Run all test cases against the current prompt and report results.

Steps

  1. Read tests/polish-prompt/suite.json to get all cases
  2. Load references/evaluation-criteria.md for scoring criteria
  3. For each case: a. Read input.txt (and context.txt if has_context is true) b. Run through CLI:
    bash
    cat tests/polish-prompt/cases/{id}/input.txt | cargo run -p diy_typeless_cli -- polish
    
    Or with context:
    bash
    cat tests/polish-prompt/cases/{id}/input.txt | cargo run -p diy_typeless_cli -- polish --context "$(cat tests/polish-prompt/cases/{id}/context.txt)"
    
    c. Read expected.txt d. Score the actual output against expected using evaluation criteria e. Compare with the last score in the case's scores array
  4. Report results as a table:
    code
    | Case | Description | Score | Previous | Delta |
    |------|-------------|-------|----------|-------|
    | 001  | ...         | 8/10  | 7/10     | +1    |
    
  5. Flag any regressions (score dropped by 2+ or human-unacceptable quality change)

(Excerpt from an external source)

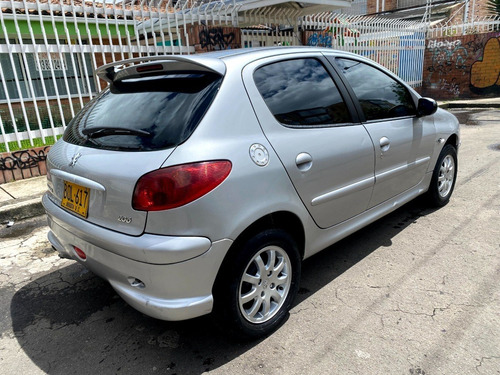 Peugeot 206 Xr Mt1400cc Gris Aluminium Metalico Aa Dh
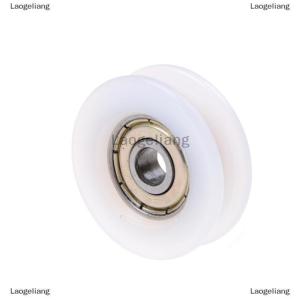 [COD] Laogeliang ตลับลูกปืนล้อไนลอน6x30x10มม. ร่องรูปตัวยู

Workflow 3: Optimize Prompt

The core iterative loop. Modify the polish prompt to improve quality.

Steps

  1. Identify target: Ask the user what to improve, or run Workflow 2 to find weak spots
  2. Diagnose: Analyze why the current prompt produces suboptimal results for the target cases. Read the current prompt in core/src/polish.rs
  3. Propose changes: Draft specific prompt modifications. Explain the rationale. Present to user for approval — do NOT modify without confirmation
  4. Apply: After user approval, edit core/src/polish.rs with the prompt changes
  5. Verify: Run Workflow 2 (full regression suite)
  6. Evaluate results:
    • If any case regresses significantly (score drop 2+ or human-unacceptable): rollback the change via git checkout core/src/polish.rs and report failure
    • If target cases improve without regression: proceed
  7. Record: Append to tests/polish-prompt/evolution-log.md:
    markdown
    ## [Date] — Brief title
    
    **Target**: What we tried to improve
    **Change**: What was modified in the prompt
    **Result**: Score changes summary
    **Constraint discovered**: Any new insight about what the prompt must preserve
    
  8. Update suite.json with new scores for all cases

Rollback Protocol

If regression is detected:

  1. Immediately rollback: git checkout core/src/polish.rs
  2. Report which cases regressed and by how much
  3. Analyze why the change caused regression
  4. Suggest alternative approaches that might avoid the regression

Workflow 4: View History

Review the prompt evolution trajectory.

Steps

  1. Read and display tests/polish-prompt/evolution-log.md
  2. Optionally read suite.json to show score trends per case
  3. Summarize:
    • Total iterations
    • Overall score trajectory
    • Key constraints discovered
    • Current weak spots

Important Notes

  • LLM output variance: Score fluctuations of 1 point that remain human-acceptable are NOT regressions. Only flag drops of 2+ or quality changes a human would reject.
  • Human in the loop: Always get user confirmation before modifying core/src/polish.rs.
  • Close the loop: Always verify via CLI, never assume a prompt change works based on reasoning alone.